_Available data_
▽

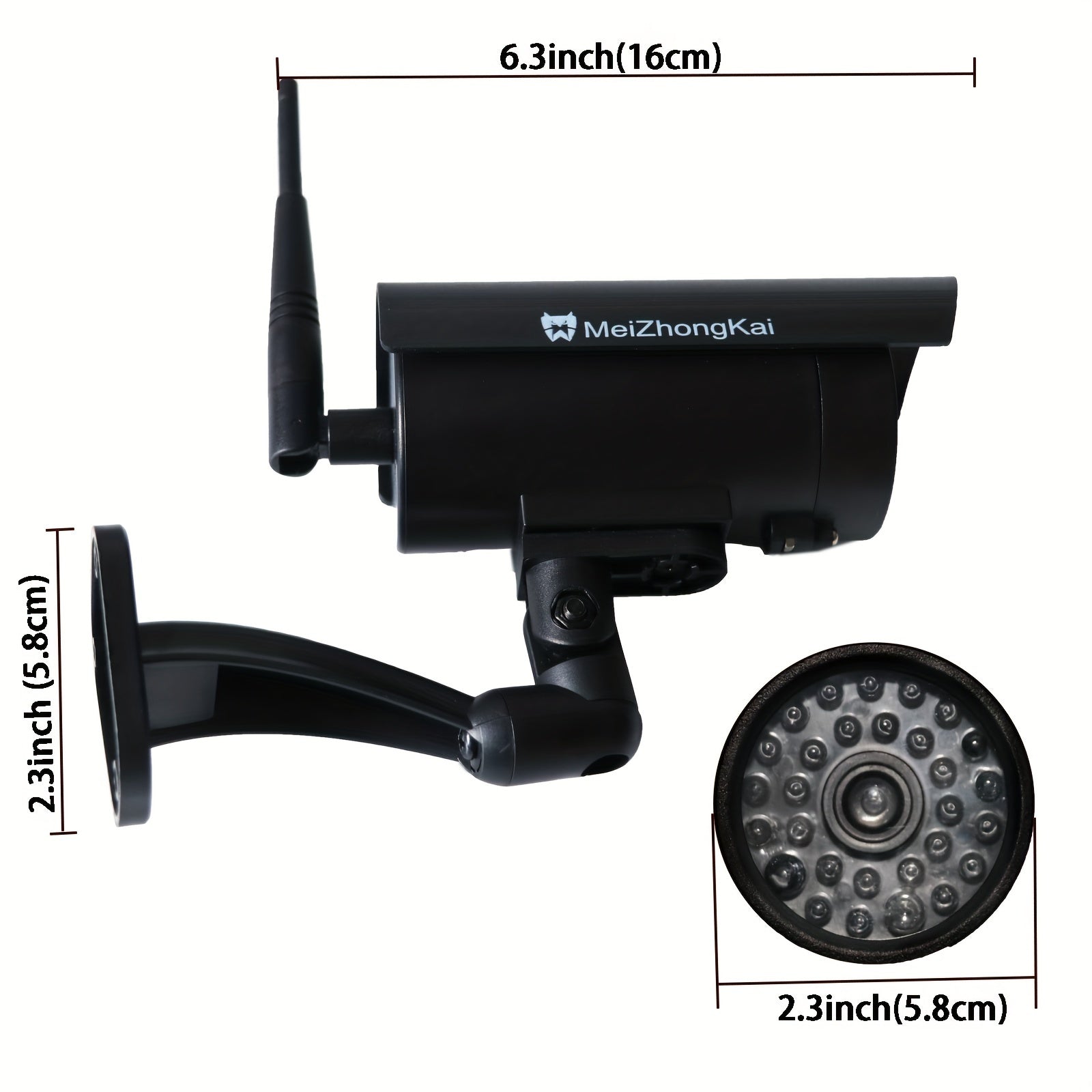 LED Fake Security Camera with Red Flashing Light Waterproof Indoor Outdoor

△
▽

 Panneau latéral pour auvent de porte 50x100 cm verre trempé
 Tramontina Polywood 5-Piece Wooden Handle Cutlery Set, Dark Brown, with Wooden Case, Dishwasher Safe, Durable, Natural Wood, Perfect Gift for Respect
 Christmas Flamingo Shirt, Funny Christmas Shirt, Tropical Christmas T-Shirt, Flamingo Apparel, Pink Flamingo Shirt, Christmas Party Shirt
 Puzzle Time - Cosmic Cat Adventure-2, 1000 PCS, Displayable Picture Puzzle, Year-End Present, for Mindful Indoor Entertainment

△
▽

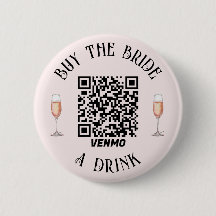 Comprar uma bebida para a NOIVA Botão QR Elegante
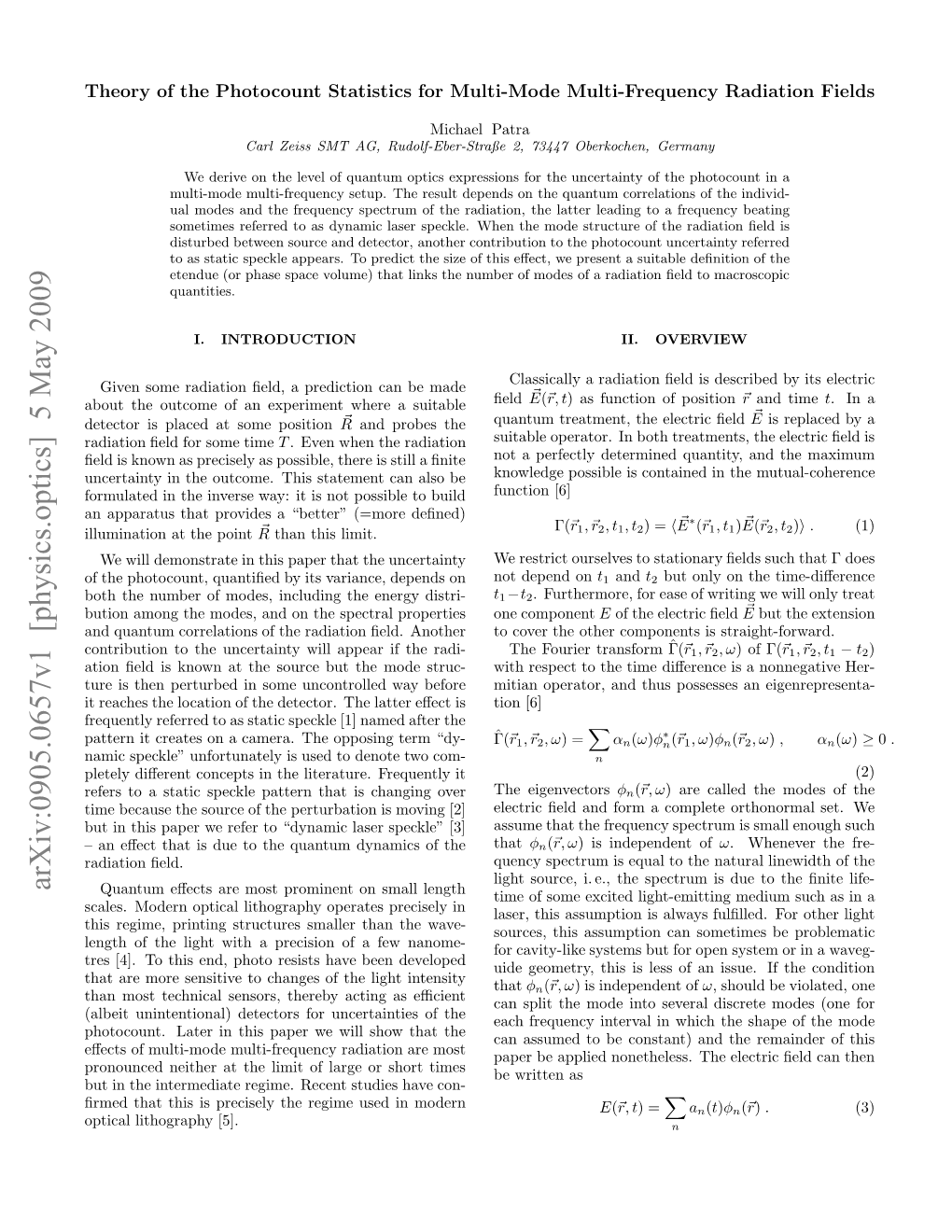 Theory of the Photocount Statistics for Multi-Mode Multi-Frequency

△

_Instructions for the task_
Using the entries above, repeat only the lines from the one containing "Tramontina Polywood 5-Piece" through the one containing "Puzzle Time - Cosmic", end lines included.

_Output for this task_
 Tramontina Polywood 5-Piece Wooden Handle Cutlery Set, Dark Brown, with Wooden Case, Dishwasher Safe, Durable, Natural Wood, Perfect Gift for Respect
 Christmas Flamingo Shirt, Funny Christmas Shirt, Tropical Christmas T-Shirt, Flamingo Apparel, Pink Flamingo Shirt, Christmas Party Shirt
 Puzzle Time - Cosmic Cat Adventure-2, 1000 PCS, Displayable Picture Puzzle, Year-End Present, for Mindful Indoor Entertainment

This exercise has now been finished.